My aunt sent me an email once, and at the bottom of it, she had this quote: "People may not remember exactly what you did or what you said, but they will always remember how you made them feel." This pretty much sums up if not the noblest thing I could ever do with my life, at least the most worthwhile (for me, at least. Not saying it's the most worthwhile for everyone.) Even if the people who knew me, interacted with me, or maybe just passed me on the street can't remember the things I did for them, I hope they at least look back and remember that I made them happy. Apologies for not giving the source of the quote, by the way. Maybe I'm just a terrible googler, but I couldn't find anywhere that included a name with the quote.
Noble. A word, for me, fraught with indecision and difficulty. We've created entire tomes of instruction from one corner of the world to the other concerning the noble course that a person should take and in the end these tomes get held high as banners of war more often than not. It's strange that you use the term homo sapiens as your descriptor. Is there a difference in the answer if we are speaking about just one individual person or if we speak about the race as a whole? Should there be?
I guess I would say the noblest thing you can do in life is not make the world a worse a place than what it was like when you found it.
to be 'useful'... in a good way, naturally... it's what i set out to be for the rest of my life, when i turned my back on the material world, gave away all i owned and went wherever i seemed to be needed... and these past 15+ years have been by far, the most fulfilling of all... and i intend to go on merely being 'useful' till i'm finally allowed to leave this benighted, violence-blighted world humans have made for themselves...
To have created Twinkies. Jimmy Dewar, I salute you. On a serious note, to further mankind's knowledge of the world and to use that knowledge wisely.
I dunno, I tried to leave it as vague as possible so people could interpret it in whatever way they've come to understand it.
My bad. The questions were rhetorical. I have some strange ideas concerning morality that don't always come off as acceptable. I guess I was just trying to expand the question.
What kinds of questions? Morality is inherited, unless it isn't, then I think what they do to you, at least within circles of other animals, is put you down. I'm not sure if that's promoting the evolution of good morals. But I take that as the trend most common in society. I've watched people laugh like screaming idiots at an execution and go home with a full stomach and a pleasant conscience, ready to do it again the next day. For a better opinion I'd love more intelligent questions. (Not that your questions weren't intelligent. I think they are, and that there should be more.)

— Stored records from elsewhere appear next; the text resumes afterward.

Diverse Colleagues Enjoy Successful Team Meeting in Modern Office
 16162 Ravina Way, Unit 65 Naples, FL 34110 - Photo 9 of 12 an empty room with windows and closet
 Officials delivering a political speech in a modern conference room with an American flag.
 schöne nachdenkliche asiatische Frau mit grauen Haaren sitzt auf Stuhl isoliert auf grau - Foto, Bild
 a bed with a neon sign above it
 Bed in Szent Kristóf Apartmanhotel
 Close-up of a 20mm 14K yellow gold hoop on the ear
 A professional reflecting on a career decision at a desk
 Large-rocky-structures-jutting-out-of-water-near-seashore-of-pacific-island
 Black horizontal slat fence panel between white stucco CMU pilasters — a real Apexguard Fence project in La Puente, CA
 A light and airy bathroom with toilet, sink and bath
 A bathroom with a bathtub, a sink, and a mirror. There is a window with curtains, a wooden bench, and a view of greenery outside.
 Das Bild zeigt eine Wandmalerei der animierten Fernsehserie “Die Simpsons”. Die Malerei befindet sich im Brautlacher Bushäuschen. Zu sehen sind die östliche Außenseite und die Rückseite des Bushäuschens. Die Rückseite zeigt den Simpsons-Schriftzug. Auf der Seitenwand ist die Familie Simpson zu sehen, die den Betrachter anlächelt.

Knowing full well that this explanation is putting me at risk of becoming bullet fodder, I will give you one example. Aid to desert nations. It seems the moral thing to do, right? Help your fellow man/woman. Seems like a no brainer. What happens when that aid dries up? And it will dry up. Has a kindness really been done? Or has there been an amplification of suffering, simply postponed for a future date? ~ The desert nation was unable to support X population. ~ The cause becomes popular. ~ Aid flows in. ~ Prosperity! ~ The cause becomes unpopular, or worse, boring. ~ The aid dries up. ~ Now there is population X + 25%. It is still a desert nation unable to support itself and now there are more people to suffer. Is that noble? Has something of worth been accomplished? Or has a buck been passed to a future due date with compounded interest? Things like that.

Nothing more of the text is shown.